San Francisco supervisors OK domestic-partner rule Health benefits equalized with married couples' plan


SAN FRANCISCO -- Pressing a new case for the equal treatment of same-sex couples, San Francisco is moving to become the first major city in the country to require the companies with which it does business to offer health and other benefits to the unmarried partners of their employees.

The city's board of supervisors passed legislation by a 10-0 vote Monday to prohibit the city government from contracting with companies that do not make the same benefits available to employees' domestic partners that they do to the married spouses of their workers.
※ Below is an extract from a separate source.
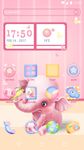 Gambar Cute Theme - Pink Elephant 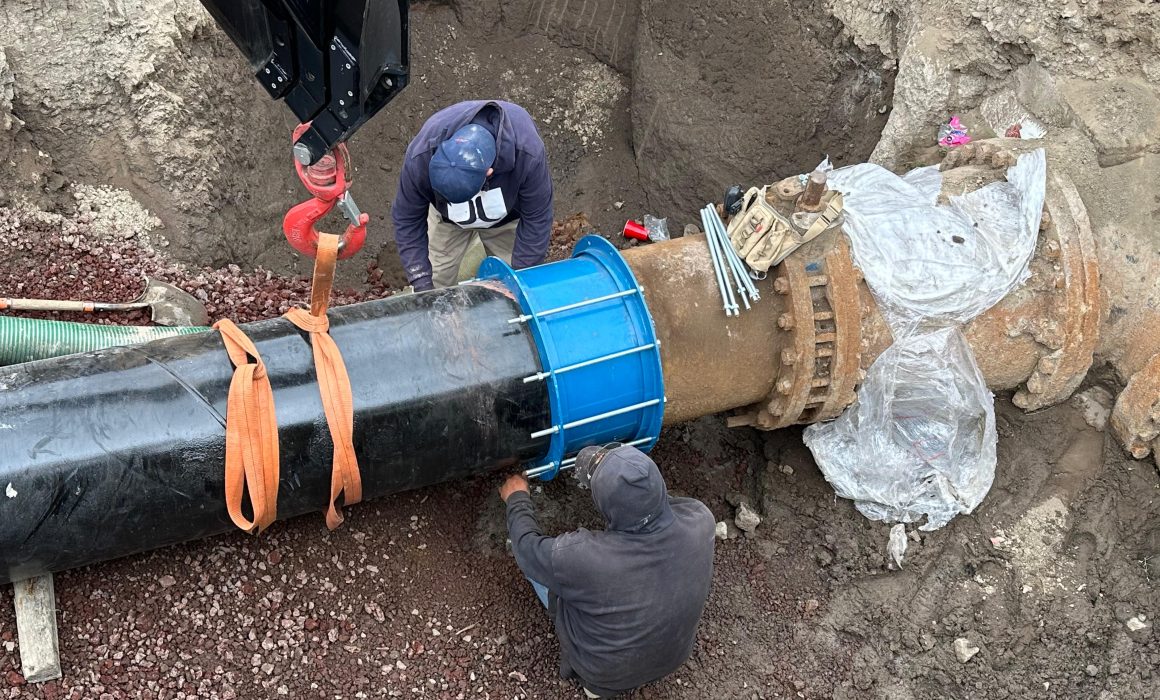 ¿Sabías que en Izcalli reparan casi 10 fugas de agua al día para reforzar el servicio? La razón sorprende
The measure will now go to the mayor, Willie L. Brown Jr., who has said he supports it in principle.

Domestic partnerships have been recorded by the City and County of San Francisco since 1991. But with 3,554 of them registered, officials said the proposed law would probably affect only a small number of people.

"I think it's actually going to be very nominal in terms of its impact on businesses," said one of the two gay supervisors who introduced the legislation, Leslie R. Katz. "But we're sending a message. Hopefully we will encourage companies to take a look at discrimination that they haven't even looked at yet."

That message received a mixed response from the city's business community.

Following the lead of the municipal government, some of the largest companies based in San Francisco, including The Gap and Levi Strauss & Co., have made health insurance, bereavement and medical leave and other benefits available to registered domestic partners for some time. While some of those companies applauded the bill, other local companies ranging from small hardware stores to big banks expressed concerns.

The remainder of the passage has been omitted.